Il discorso di Chloé Zhao durante la cerimonia degli Oscar a Los Angeles, il 25 aprile 2021. (Todd Wawrychuk, Getty Images)

Nella maggior parte dei paesi del mondo la notizia che un proprio concittadino ha vinto un Oscar sarebbe motivo di vanto e gioia. Ma non in Cina, dove la sera del 25 aprile il trionfo di Chloé Zhao è stato censurato. Zhao, nata a Pechino, è la regista di Nomadland, film che ha ottenuto tre statuette tra cui quella di miglior regia e miglior film.


La censura la dice lunga sui punti deboli di un regime che vuole mantenere un’immagine forte ma si rifiuta di accettare la minima nota dissonante, come se la potenza della Cina millenaria fosse costantemente minacciata. A uscire palesemente indebolito dalla vicenda è anche il soft power cinese, il potere attrattivo di un modello.

Per la prima volta da anni, la cerimonia degli Oscar non è stata trasmessa in diretta dalla tv cinese. Sui social network i commenti di gioia e orgoglio sono stati cancellati. Alcuni Vpn, i sistemi che permettono di aggirare le restrizioni online, sono stati neutralizzati durante l’evento.

Pretesti nazionalisti
La spiegazione è semplice: dopo aver esultato per i primi successi di Zhao, che da mesi continua ad accumulare premi, i cinesi hanno scoperto una vecchia intervista concessa nel 2013 a una rivista di cinema in cui la donna ammetteva di aver trascorso in Cina un’infanzia “circondata dalle menzogne”.

I nazionalisti online, molto attivi e aggressivi nonché incoraggiati dal Partito comunista, hanno scatenato una campagna contro Zhao, diventata l’incarnazione dell’ingratitudine per la patria, una “donna a due facce”. Perfino i genitori della ragazza (il padre lavora in un’azienda statale, la madre è attrice) sono stati accusati di aver educato male la figlia privilegiata.

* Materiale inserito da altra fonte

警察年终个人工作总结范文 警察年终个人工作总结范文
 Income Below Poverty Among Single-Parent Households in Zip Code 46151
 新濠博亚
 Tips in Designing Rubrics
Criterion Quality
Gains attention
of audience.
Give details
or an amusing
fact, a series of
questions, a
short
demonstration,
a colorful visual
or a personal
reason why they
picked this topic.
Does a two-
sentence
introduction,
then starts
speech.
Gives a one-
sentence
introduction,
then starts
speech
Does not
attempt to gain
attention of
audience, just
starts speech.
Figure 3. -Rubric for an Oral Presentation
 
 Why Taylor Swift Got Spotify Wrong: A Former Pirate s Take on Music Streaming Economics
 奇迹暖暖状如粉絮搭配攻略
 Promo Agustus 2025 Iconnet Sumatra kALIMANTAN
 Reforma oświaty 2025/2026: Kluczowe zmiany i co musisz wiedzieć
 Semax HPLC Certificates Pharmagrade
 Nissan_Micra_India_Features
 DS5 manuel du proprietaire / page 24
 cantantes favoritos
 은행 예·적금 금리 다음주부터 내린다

La vicenda rivela l’insicurezza che regna al vertice del Partito comunista e dello stato cinese

Il paradosso è che Zhao è tutto fuorché una dissidente. È stato necessario tornare indietro di otto anni per trovare una dichiarazione critica nei confronti della Cina. Il suo film, tra l’altro, mostra i difetti della società americana, non di quella cinese. Zhao è semplicemente una ragazza cinese libera, ma a quanto pare questo è già troppo.

La vicenda rivela l’insicurezza che regna al vertice del Partito comunista e dello stato cinese. Le autorità hanno censurato la cerimonia perché temevano che servisse da tribuna per le critiche, ma la regista si è dimostrata più forte. Zhao ha recitato la prima frase di una poesia cinese imparata dal padre: “Alla nascita tutti gli uomini sono buoni”.

Se il numero uno cinese Xi Jinping, anziché censurarla, l’avesse chiamata per farle i complimenti, avrebbe potuto valorizzare la vitalità della cultura cinese e magari mostrare agli americani un’altra immagine del suo paese. E invece si è tirato la zappa sui piedi.

In questo clima di scontro, Pechino pretende lealtà assoluta da parte dei suoi cittadini e vuole ridurre al silenzio chiunque non sia disposto a concederla. Ma a farne le spese è la strategia cinese basata sulla seduzione e sull’acquisto di influenza a Hollywood. Il denaro non basta a costruire un soft power solido, serve anche la capacità di attrazione. La Cina, evidentemente, non ne è capace.